We acknowledge that the study has some limitations. The number of donors may have been too small to account for interindividual differences and to generalize these findings to the broader public. Therefore, the study design was adapted accordingly, by focusing on specific fermentation parameters (SCFA, lactate, ammonium) that are generally produced by healthy persons, irrespective of differences in community composition due to functional redundancy, and by adjusting the level of depth (i.e., the taxonomic resolution) with which changes in community composition have been discussed (genus level rather than species level).

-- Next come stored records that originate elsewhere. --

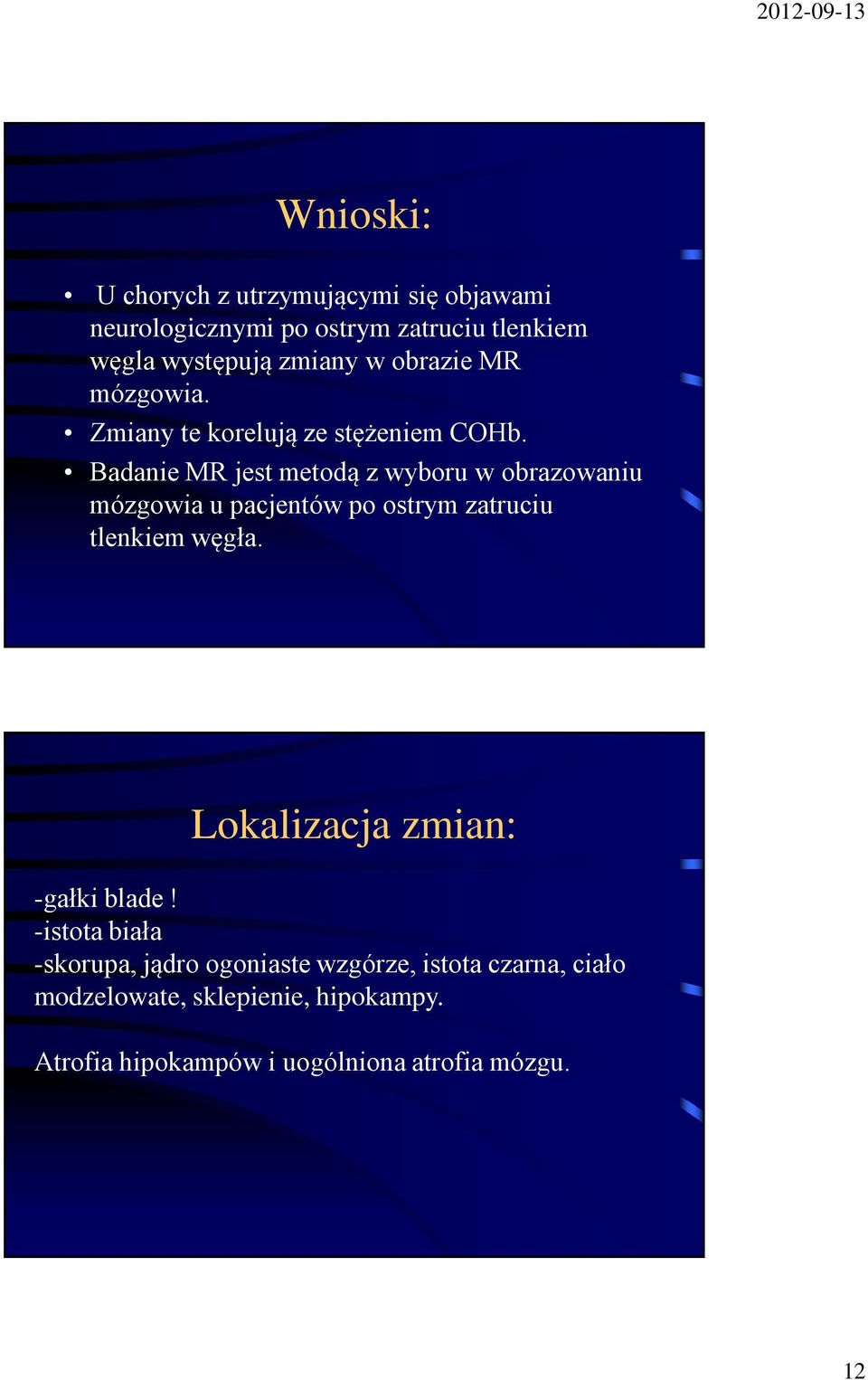 Badanie MR jest metodą z wyboru w obrazowaniu mózgowia u pacjentów po ostrym zatruciu tlenkiem węgła.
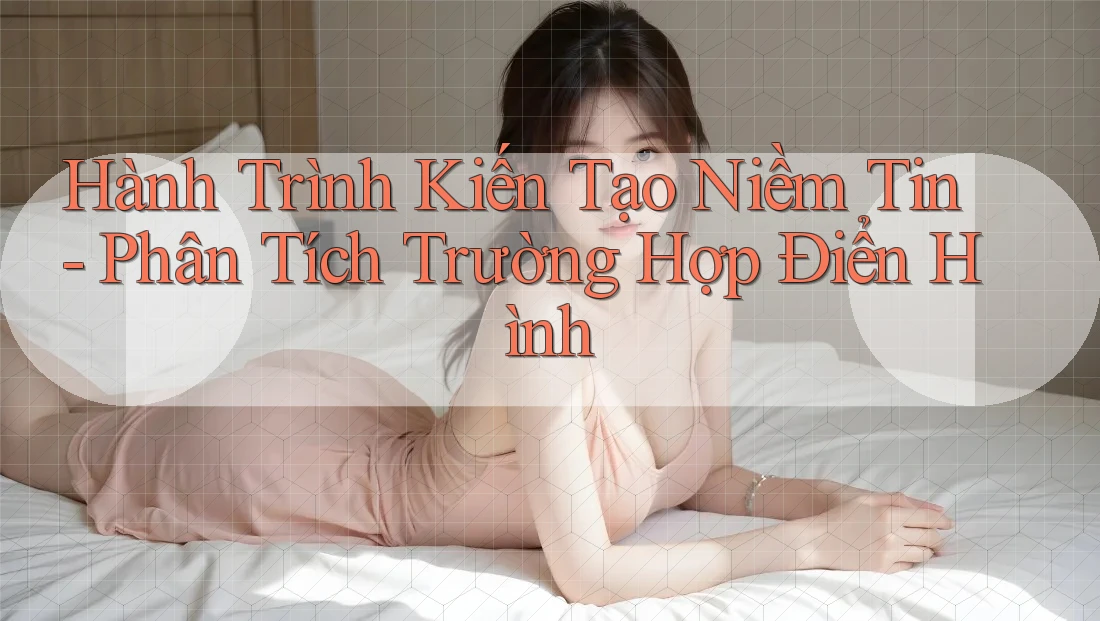 Hành Trình Kiến Tạo Niềm Tin - Phân Tích Trường Hợp Điển Hình Hành Trình Kiến Tạo Niềm Tin - Phân Tích Trường Hợp Điển Hình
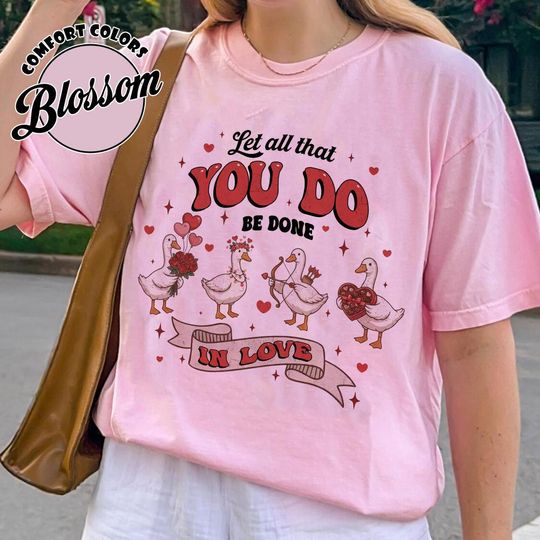 Discover Let All That You Do Be Done In Love Faith Comfort Colors T-Shirt
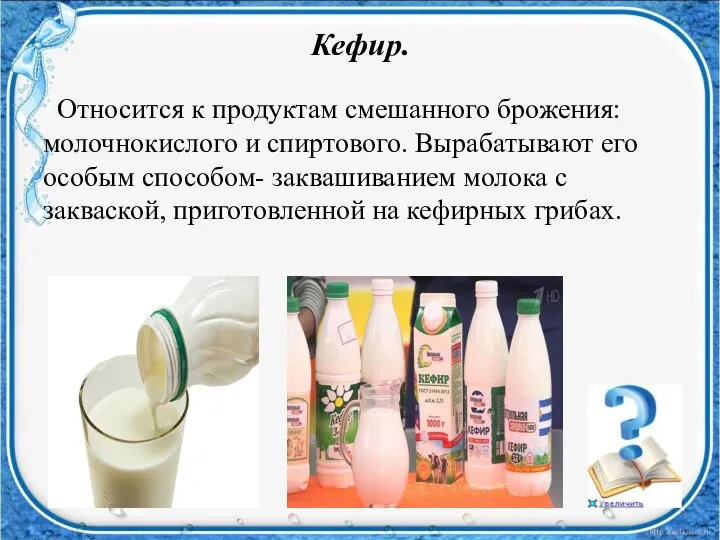 Кефир. Относится к продуктам смешанного брожения: молочнокислого и спиртового. Вырабатывают его особым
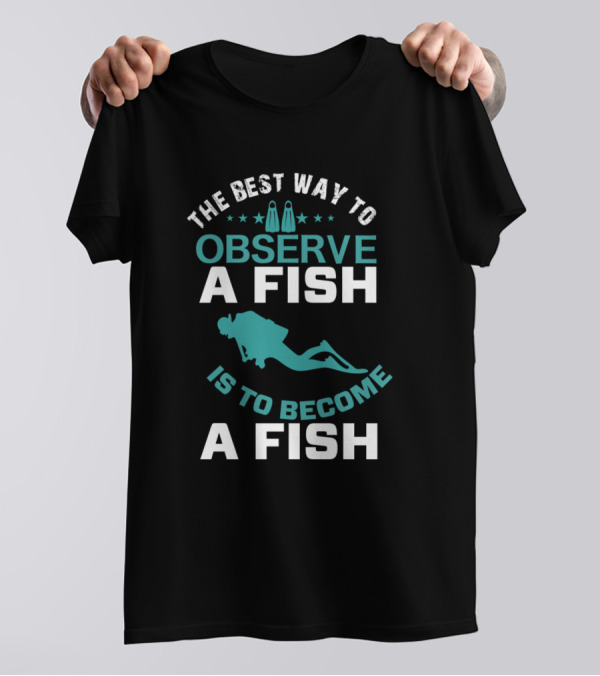 The Best Way To Observe A Fish Is To Become A Fish Scuba Diver Insight T-Shirt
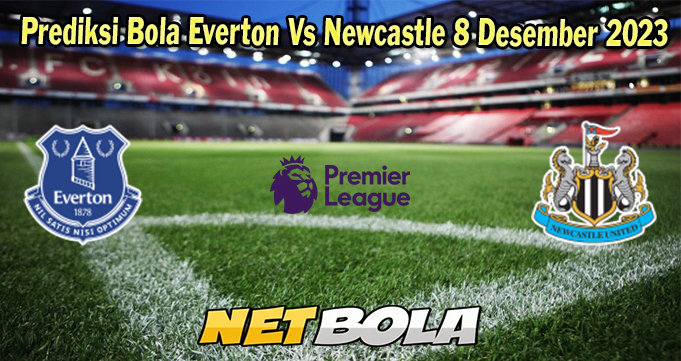 Prediksi Bola Everton Vs Newcastle 8 Desember 2023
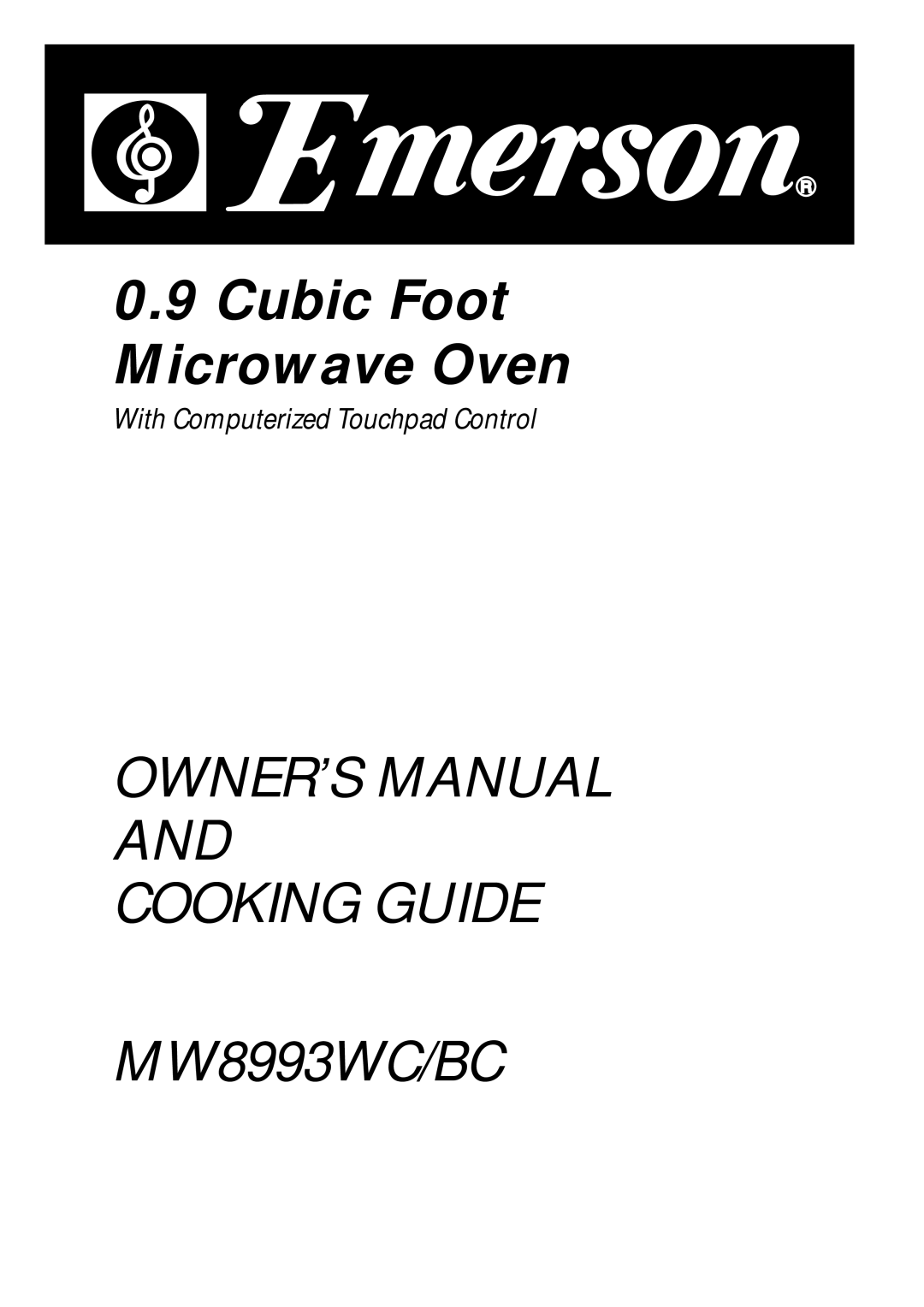 Emerson MW8993WC/BC owner manual Cubic Foot Microwave Oven 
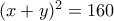 (x+y)^2=160 (x+y)^2=160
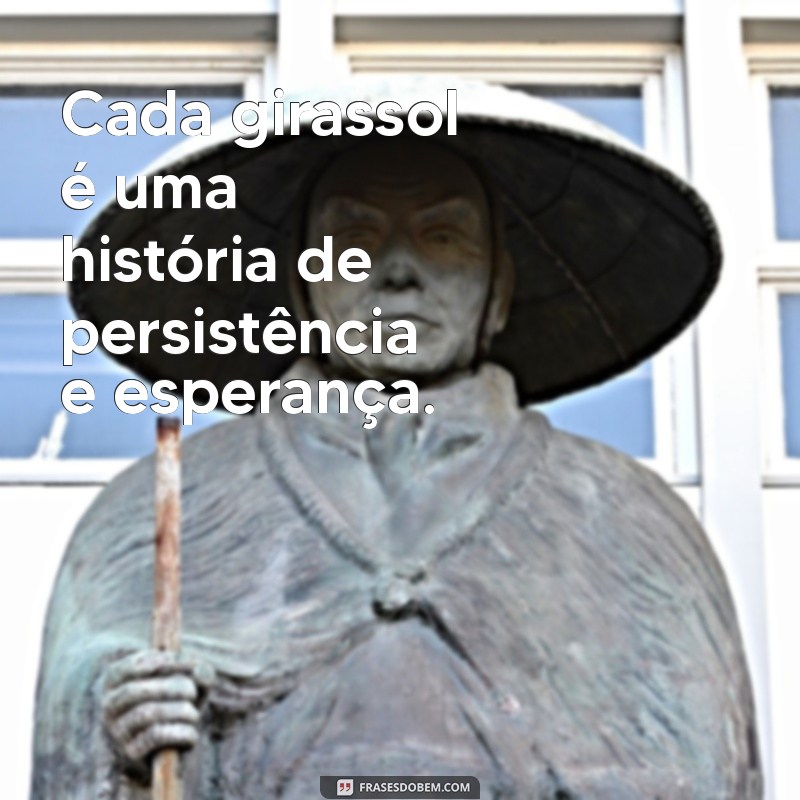 Imagens Inspiradoras de Girassóis com Frases Motivacionais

In addition, in vitro studies cannot fully replicate a test product’s effects on complex human physiological processes. Nevertheless, short-term colonic simulations generate data on how test products interact with the human gut microbiota, including microbial composition and activity. Along this line, Perreau et al. (86) recently reported the effectiveness of short-term colonic simulations. Their study revealed that the reported effects of the prebiotic fiber NUTRIOSE® on gut microbiota activity and composition were robustly correlated between clinical trial studies and studies using a Colon-on-a-plate® model (miniaturization of the short-term colonic simulation). This underscores the value of this methodology in mimicking in vivo conditions and informing test product development for clinical trials.
Conclusion
5
Using a clinically relevant in vitro model, we demonstrated that dietary fiber mixtures containing different proportions of inulin, wheat dextrin, and cellulose exhibit prebiotic properties. These include stimulating SCFA production and promoting the growth of beneficial bacteria such as Bifidobacterium. The prebiotic tapioca dextrin also showed similar properties. All tested fiber mixtures retained their prebiotic properties when combined, demonstrating effectiveness across the tested ratios. Given their positive impact on colonic microbiota composition and activity, these fiber mixtures are expected to benefit not only healthy individuals but also patients at risk of gut dysbiosis. The findings support the incorporation of these fiber blends into enteral tube feeds or oral nutritional supplements for patients requiring Medical Nutrition Therapy, a finding that should be confirmed in future studies. Overall, this study provides evidence that these mixtures confer physiological benefits that promote gut health and support overall well-being in diverse populations.